La première partie de ce numéro « Qui nous protège de la police ? », revient sur les mouvements sociaux qui se mobilisent contre la brutalité policière, voire contre la police elle-même, adoptant une grande variété d’actions individuelles et collectives publiques ou clandestines, que ce soit de la résistance, de la contestation et de la confrontation. L’expression de la colère ou la révélation de l’injustice ne sont pas les seuls moteurs ni les seuls buts des confrontations avec la police. Ces mouvements incarnent dans leurs modes opératoires et dans leurs stratégies une diversité d’objectifs et de valeurs qui éclairent leurs perspectives de transformation sociale, sans toujours éviter les possibles lignes de tension et de fracture dans les réseaux militants.
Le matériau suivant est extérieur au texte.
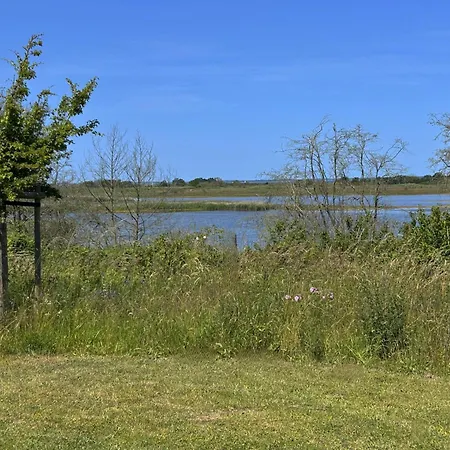 Feriehus Reetdorf Geltinger Birk Atelierhaus Ufersaum Nieby (Nieby, Schleswig-Flensburg)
La deuxième partie « Qui nous protège sans la police ? Savoir-faire féministes » rend compte de l’expérience spécifique développée depuis des décennies par les mouvements de lutte contre les violences faites aux femmes. Ces expériences sont inspirantes à la fois pour les savoir-faire qu’elles ont élaborés et pour les retours d’expérience qui mettent à jour les difficultés inhérentes à ces formes d’auto-organisation.

La troisième partie « Qui nous protège sans la police ? Alternatives communautaires », interroge plusieurs expériences de prise en charge des conflits et des violences dans des quartiers populaires, des organisations criminelles et des communautés paysannes et indigènes. Ces expériences indiquent une possibilité de s’émanciper de la sécurité d’état, généralement présentée comme nécessaire, voire indispensable et inévitable. Enfin, ces expériences prouvent qu’il n’est pas ici question d’idéalisme naïf, puisque les processus alternatifs de sécurité et de justice n’aboutissent pas toujours à des résultats réellement satisfaisants en termes psychologiques, mais aussi politiques.

Ces expériences de remise en question du monopole de la violence légitime de l’état à la fois à travers la lutte contre le fonctionnement des institutions policières et l’invention de nouvelles formes de contrôle de la paix sociale sans la police ouvrent un vaste horizon d’interrogations sur la mise en œuvre des principes de sécurité et de justice et sur leur conséquences en matière d’autonomie individuelle et collective, de responsabilité face aux autres et de solidarité. Avec ce dossier, nous espérons donner à voir que les mouvements sociaux sont des incubateurs de projets politiques et d’utopies concrètes.